Alternatives: safe substitutes require more than a nearest-neighbor lookup
This stage demonstrates hybrid retrieval (semantic + graph) and re-validation.
- FAISS semantic similarity proposes indication-aligned alternatives.
- Graph similarity (Neo4j neighborhood / GraphSAGE-style) captures structural equivalence beyond embeddings.
- Every candidate is re-run through the same DDI gate before recommendation.
Evidence grounding: citations, not vibes
This stage demonstrates RAG with quality control.
- Retrieves PubMed evidence and produces citation-backed claims.
- Summarizes into clinician-readable snippets (BART-style) and filters with a relevance scorer (SBERT-style).
- Outputs include citations + relevance scores for auditability.
Orchestration: making the pipeline explicit
This stage demonstrates agentic orchestration + observability.
- State-machine orchestration (LangGraph-like) makes transitions explicit and debuggable.
- Each agent has a single responsibility; routing logic is visible (not buried in prompts).
- Produces a traceable run timeline (stage outputs + confidence + safety flags).

The production piece that’s usually missing: ACP + MCP
A notebook can chain function calls. A production swarm needs two explicit boundaries to make coordination and tool use reliable.
ACP (Agent Communication Protocol): tasks + state references
ACP is the messaging contract for orchestrator ↔ agents ↔ services coordination.
The key design choice: agents exchange references (S3 URIs), not bulky payloads.
AWS mapping (reference deployment):
- workflow + retries: AWS Step Functions
- task fan-out: Amazon EventBridge (or MSK if you need replay/streaming)
- agent workers: EKS/ECS services consuming tasks and emitting results
MCP Gateway: standardized tool calls (schema + policy + telemetry)
MCP is the boundary for agent → tool calls. Instead of every agent implementing its own integrations, all tool calls go through one gateway that enforces:
- schema validation (typed inputs/outputs)
- policy enforcement (PHI controls, tool allowlists, version pinning)
- telemetry (latency, errors, cost per tool) with trace propagation
In AWS terms, the MCP Gateway is a small EKS service (or ECS Fargate) that fronts tools like:
- SageMaker inference endpoints (vision/text)
- Neo4j DDI/KG queries
- vector retrieval
- PubMed retrieval + summarization
One-line boundary rule: ACP moves tasks/results between agents; MCP moves tool calls from agents to services.
The audit trail: turning “a pipeline” into “a system”
Every run produces structured artifacts that make the system testable and reviewable:
- scan results (PDF + vision)
- fusion decision + confidence
- treatment plan + prescription proposal
- DDI results + safety critic scores
- alternatives + evidence + citations
This is what lets you build evaluation harnesses, regression tests, and human review workflows.

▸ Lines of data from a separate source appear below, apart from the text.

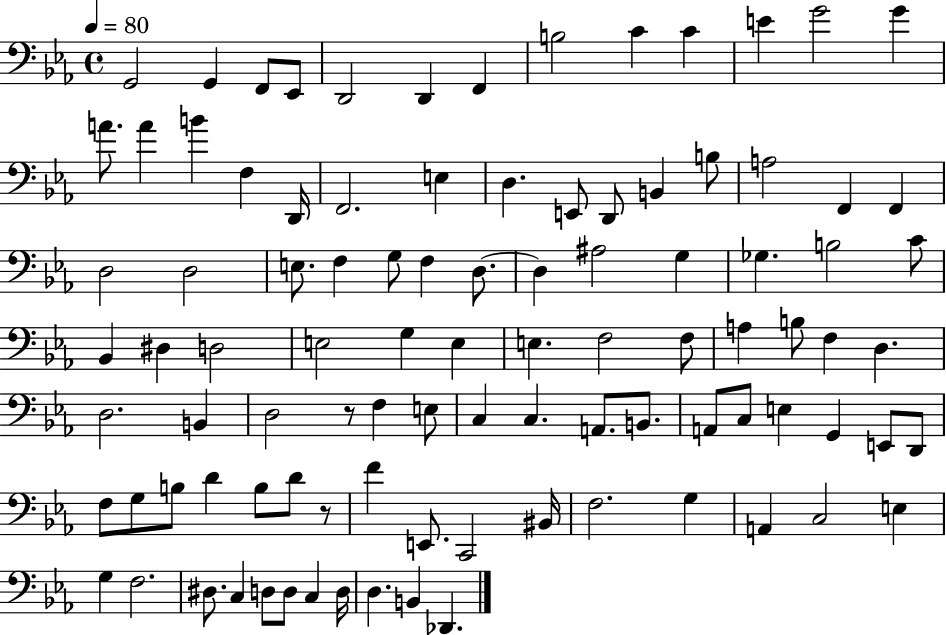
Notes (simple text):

G2/h G2/q F2/e Eb2/e D2/h D2/q F2/q B3/h C4/q C4/q E4/q G4/h G4/q A4/e. A4/q B4/q F3/q D2/s F2/h. E3/q D3/q. E2/e D2/e B2/q B3/e A3/h F2/q F2/q D3/h D3/h E3/e. F3/q G3/e F3/q D3/e. D3/q A#3/h G3/q Gb3/q. B3/h C4/e Bb2/q D#3/q D3/h E3/h G3/q E3/q E3/q. F3/h F3/e A3/q B3/e F3/q D3/q. D3/h. B2/q D3/h R/e F3/q E3/e C3/q C3/q. A2/e. B2/e. A2/e C3/e E3/q G2/q E2/e D2/e F3/e G3/e B3/e D4/q B3/e D4/e R/e F4/q E2/e. C2/h BIS2/s F3/h. G3/q A2/q C3/h E3/q G3/q F3/h. D#3/e. C3/q D3/e D3/e C3/q D3/s D3/q. B2/q Db2/q.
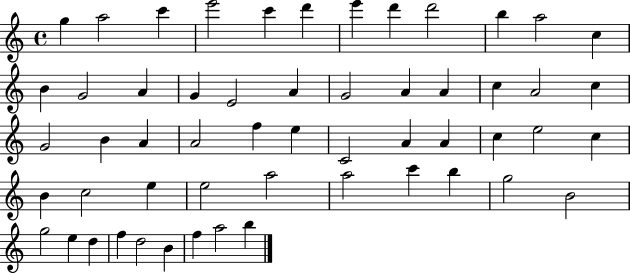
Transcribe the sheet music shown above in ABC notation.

X:1
T:Untitled
M:4/4
L:1/4
K:C
g a2 c' e'2 c' d' e' d' d'2 b a2 c B G2 A G E2 A G2 A A c A2 c G2 B A A2 f e C2 A A c e2 c B c2 e e2 a2 a2 c' b g2 B2 g2 e d f d2 B f a2 b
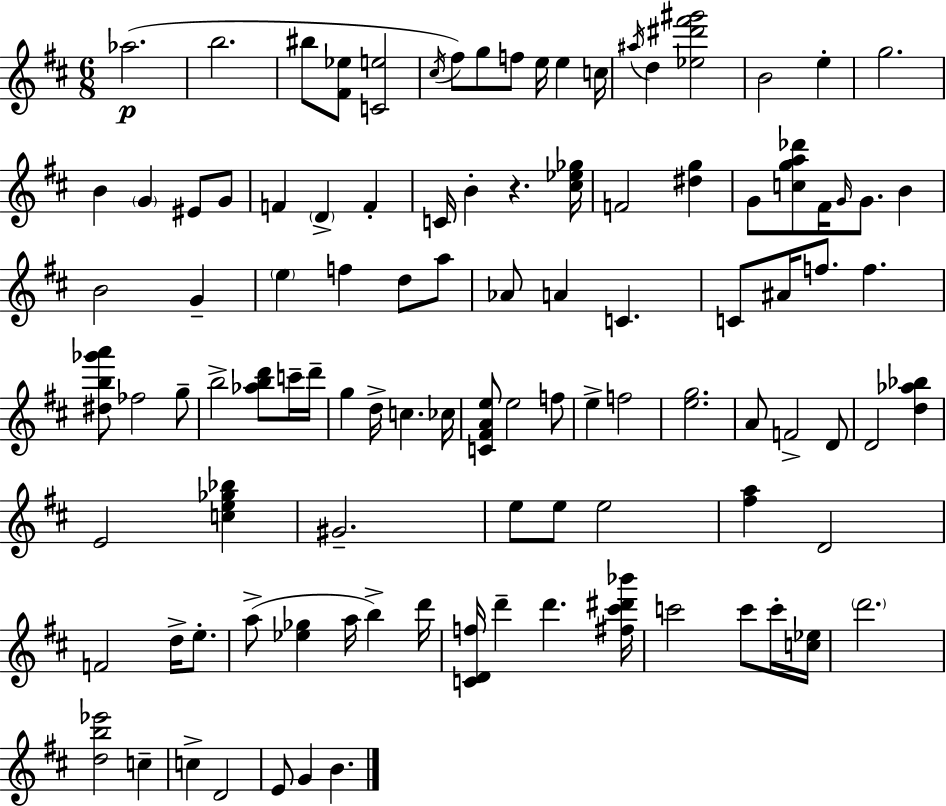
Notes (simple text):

Ab5/h. B5/h. BIS5/e [F#4,Eb5]/e [C4,E5]/h C#5/s F#5/e G5/e F5/e E5/s E5/q C5/s A#5/s D5/q [Eb5,D#6,F#6,G#6]/h B4/h E5/q G5/h. B4/q G4/q EIS4/e G4/e F4/q D4/q F4/q C4/s B4/q R/q. [C#5,Eb5,Gb5]/s F4/h [D#5,G5]/q G4/e [C5,G5,A5,Db6]/e F#4/s G4/s G4/e. B4/q B4/h G4/q E5/q F5/q D5/e A5/e Ab4/e A4/q C4/q. C4/e A#4/s F5/e. F5/q. [D#5,B5,Gb6,A6]/e FES5/h G5/e B5/h [Ab5,B5,D6]/e C6/s D6/s G5/q D5/s C5/q. CES5/s [C4,F#4,A4,E5]/e E5/h F5/e E5/q F5/h [E5,G5]/h. A4/e F4/h D4/e D4/h [D5,Ab5,Bb5]/q E4/h [C5,E5,Gb5,Bb5]/q G#4/h. E5/e E5/e E5/h [F#5,A5]/q D4/h F4/h D5/s E5/e. A5/e [Eb5,Gb5]/q A5/s B5/q D6/s [C4,D4,F5]/s D6/q D6/q. [F#5,C#6,D#6,Bb6]/s C6/h C6/e C6/s [C5,Eb5]/s D6/h. [D5,B5,Eb6]/h C5/q C5/q D4/h E4/e G4/q B4/q.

What I’d do next (if this were going to production)
- containerize agents + MCP gateway; deploy to EKS with HPA
- add offline evaluation harness + golden clinical test suites per stage
- add drift and safety monitors (DDI distribution shifts, false positives)
- add a human-in-the-loop review queue for low-confidence cases
If you’re building safety-critical AI (healthcare, finance, industrial), the pattern is consistent: hybrid systems, explicit safety gates, and operational traceability. That’s the point of this project.